Git stores the complete history of your files for a project in a special
directory (a.k.a. a folder) called a repository, or repo.
This repo is usually in a hidden folder called .git sitting next to your
files.
Keeping an entire history sounds expensive, but it isn’t, because git is smart and does not replicate all your files, and instead keeps only changes to your files.
How does a repo work?
(Don’t stress this section too much: it will all become second nature after you’ve used git for a bit.)
A hash is 160-bit summary of your data. Using an algorithm called SHA-1, Git mashes up the contents of your files until only 160 bits remain12. SHA1 and related algorithms have the nice property that if your files change just a little bit, their hash changes dramatically. For example, here are the SHA1 hashes of files containing just the string “hello” or “Hello”:
$ echo "hello" | openssl dgst -sha1
f572d396fae9206628714fb2ce00f72e94f2258f
$ echo "Hello" | openssl dgst -sha1
1d229271928d3f9e2bb0375bd6ce5db6c6d348d9This gives your data security, because if someone messes with it, or if a file gets subtly corrupted, the hashes will no longer match and git will know about it.
So, whenever you commit your data to git, it puts it in a special folder
named .git, and stores its hash at that time. If you then make changes, git
will only need to store the changes (also called the diff), but it will also
store the hash of the data.
With these two things, git knows how to rebuild your data at any given time: find the last complete copy of the data, and then apply each diff in succession until the appropriate commit is reached. As additional verification, the hash of the data is recomputed and compared with the stored hash.
After a certain number of successive diffs, the files may be different enough that it’s worthwhile storing them again from scratch. Git determines all this automatically. All you need to know is that storing file histories in git is cheap, much, much cheaper than storing multiple slightly different versions of a file.
Retrieving an earlier version of your work is then easy:
$ git checkout <hash>
This finds the version matching the supplied hash in the .git directory, and
then copies it out to your working directory.
Hashes are unwieldy and difficult to read, so git offers a number of conveniences to avoid having to deal with them most of the time. The first is tags, which are simply alternate names for specific hashes. Thus, if you are writing a paper, you can tag the version you submit as follows:
$ git tag submitted-version
From then on, the name “submitted-version” will be associated with that
committed version of your files.
In addition to storing a history of a file, git can store alternate histories! This allows you to easily maintain different, parallel versions of a file. If you were writing a paper, you might have two different versions of the introduction, or you might have a version where you include a table and one where that table is pushed to the supplementary material. With branches, git helps you keep track of these, propagate changes from one to the other, and eventually merge them together.
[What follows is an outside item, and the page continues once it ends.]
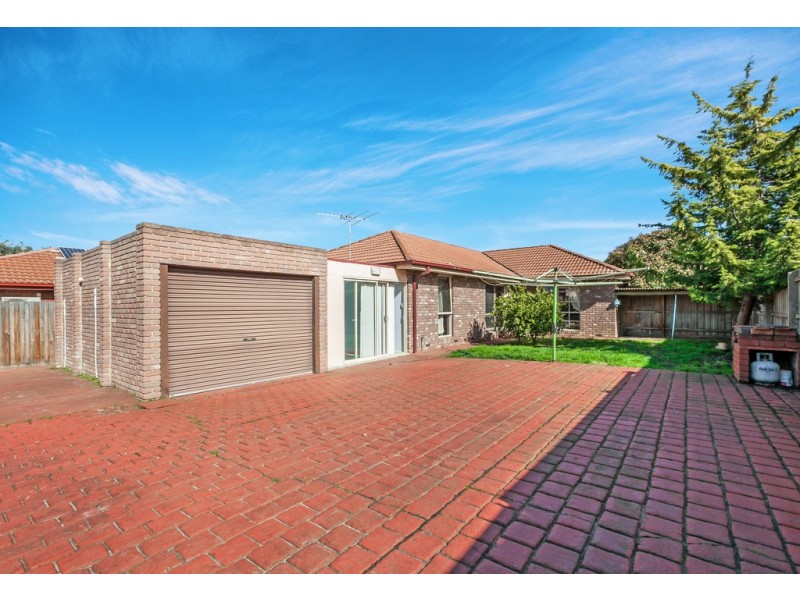 41 Veronica Crescent, Mill Park VIC 3082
In many cases, git can automatically merge branches that hold independent changes to a file or set of files. To continue with the paper example, if two different people work on different sections of the paper, Git will be able to merge the two versions together to update both sections.
The .git directory that we have mentioned is known as the repository, or
repo for short. It contains all your past history, including the actual data,
the hashes of the data, dates and authors of changes, and tags and branches.
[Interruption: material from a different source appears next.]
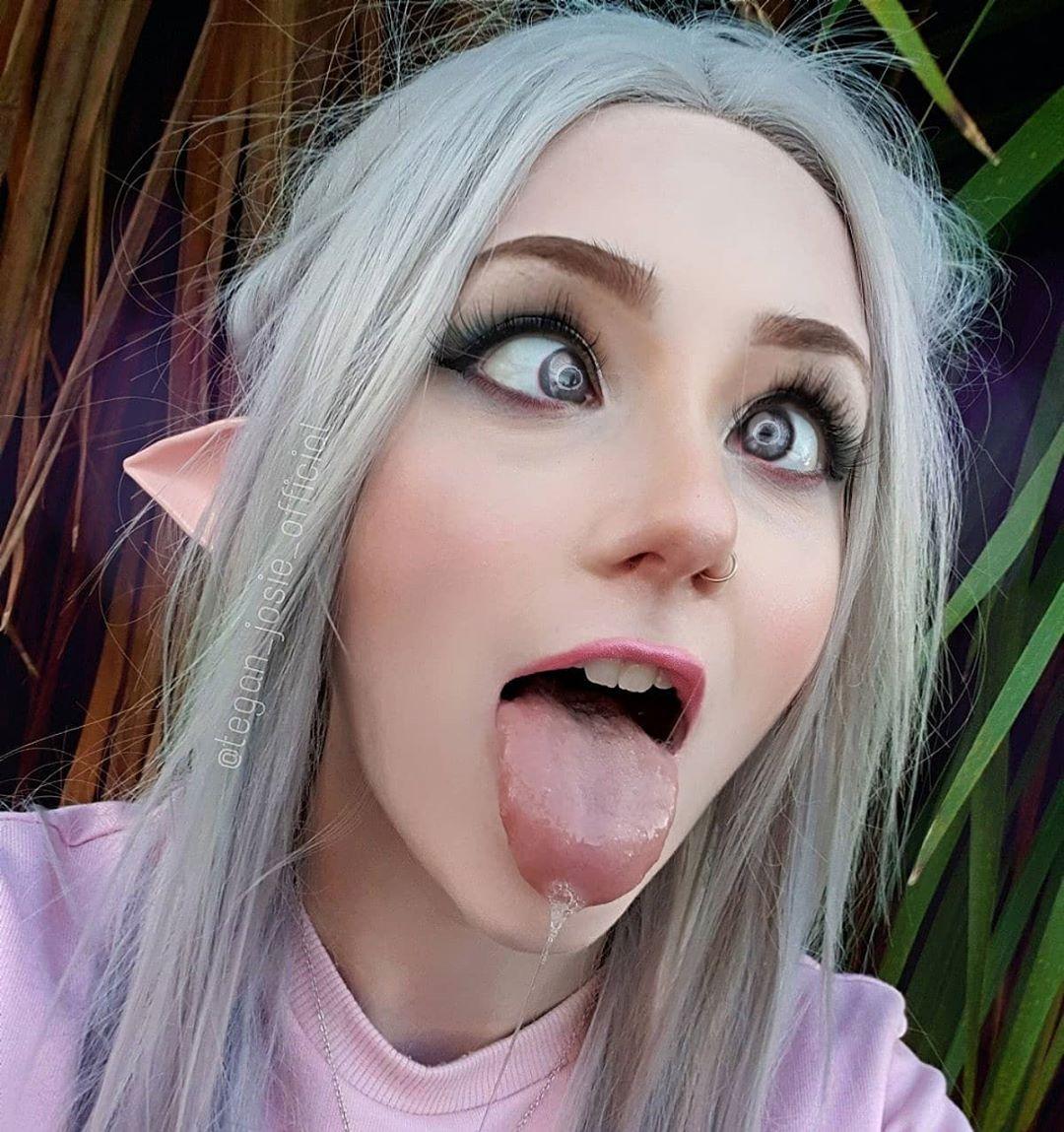 Ahegao face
Once upon a time, before git was invented, repositories were always in a central location such as your department’s main computing server. (The most popular version control system before git, Subversion, followed this model.) This made sharing of access unnecessarily cumbersome: you had to be very careful whom you allowed to commit changes to the repository, and you couldn’t access the repository without an internet connection and sometimes a VPN.
In git, repositories can be replicated, either in full or in part, as many times as necessary. Git hashes enable this: since every version has a commit hash that is practically guaranteed to be unique, as well as one or more parent commits that are also hashed, it is easy to reason about duplicated versions of the history.
In addition to enabling backups, this also helps with collaboration, but adds
an extra layer that you need to consider when using git: in addition to your
repository in .git and your working copy, there are also “clone”
repositories, also called “forks”. These are useful for backups and to
collaborate with others.
While we commit to a repo from a working copy, and we check out to a working copy from a repo, we push to a fork from our repo, or fetch from a fork to our repo.